水素技術は日本が世界をリードしてきた。しかし、欧州、中国も水素への投資を本格しつつある。6月、ドイツは国家水素戦略を策定、1兆円規模の予算を投じると発表した。その翌月にはEUも「欧州の気候中立に向けた水素戦略」をとりまとめ、2030年までに水素の生産量を1,000万トンへ引き上げるとの目標を掲げた。中国はモデル都市群を選定し、商用車を中心に2030年代の半ばまでに100万台規模のサプライチェーンを構築するという。

こうした中、日本政府も水素社会の実装を急ぐ。国内利用量に関する従来の政策目標は2030年時点で「30万トン」であったが、これを「1,000万トン」に引き上げるべく調整に入った。
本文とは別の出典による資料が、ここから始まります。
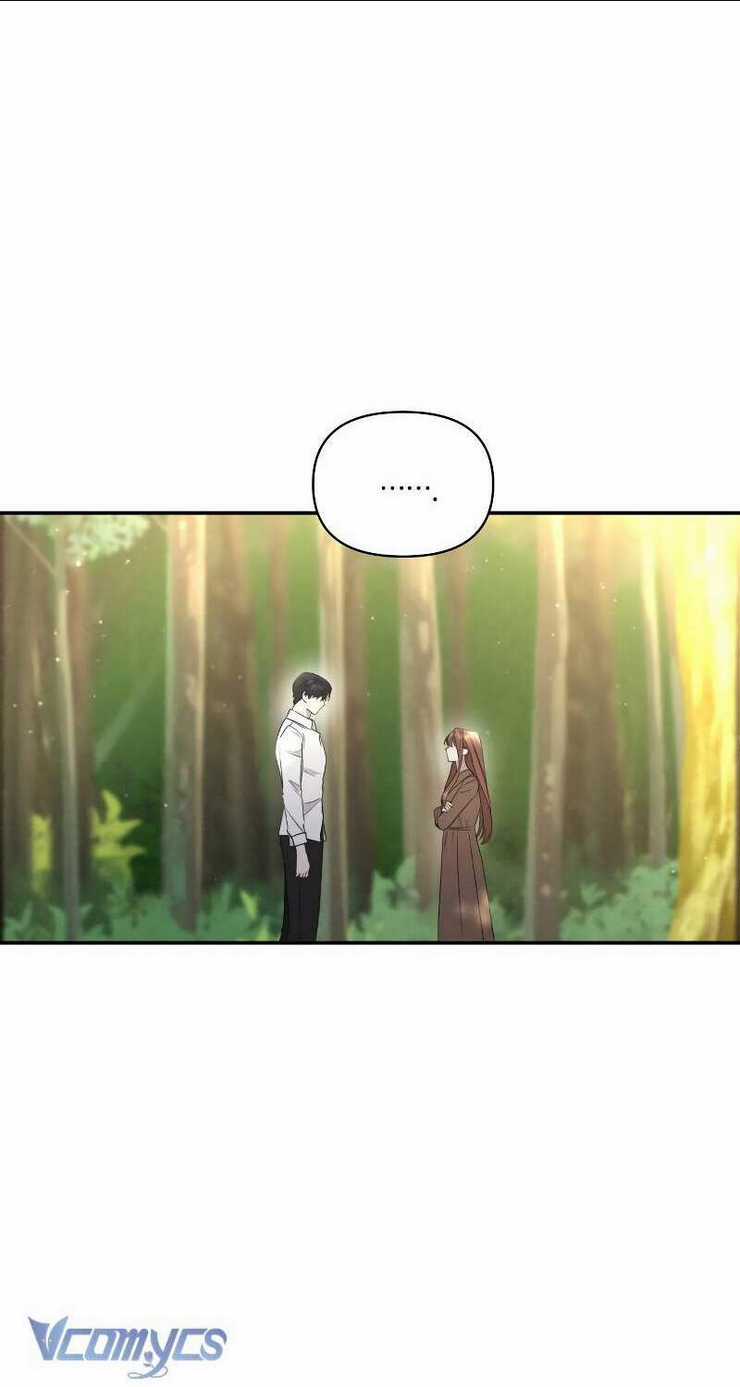 Xin Đừng Tùy Tiện Tỏ Ra Tử Tế Chapter 3 trang 50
これは原子力発電所30基に相当する規模であり、国内電力の1割をカバーできる。
カーボンニュートラルの実現に向けて、国際競争はこれまで以上に激化するだろう。新たに米国を率いるバイデン氏は、クリーンエネルギー分野に178兆円を越える投資を公約している。日本は水素のフロントランナーであり続けることができるか。そのためには電力行政の見直しや規制緩和はもちろん、未来社会の全体構想にもとづく長期戦略が不可欠だ。既存業界の慣習や既得権から解き放たれた大胆な政策発想に期待したい。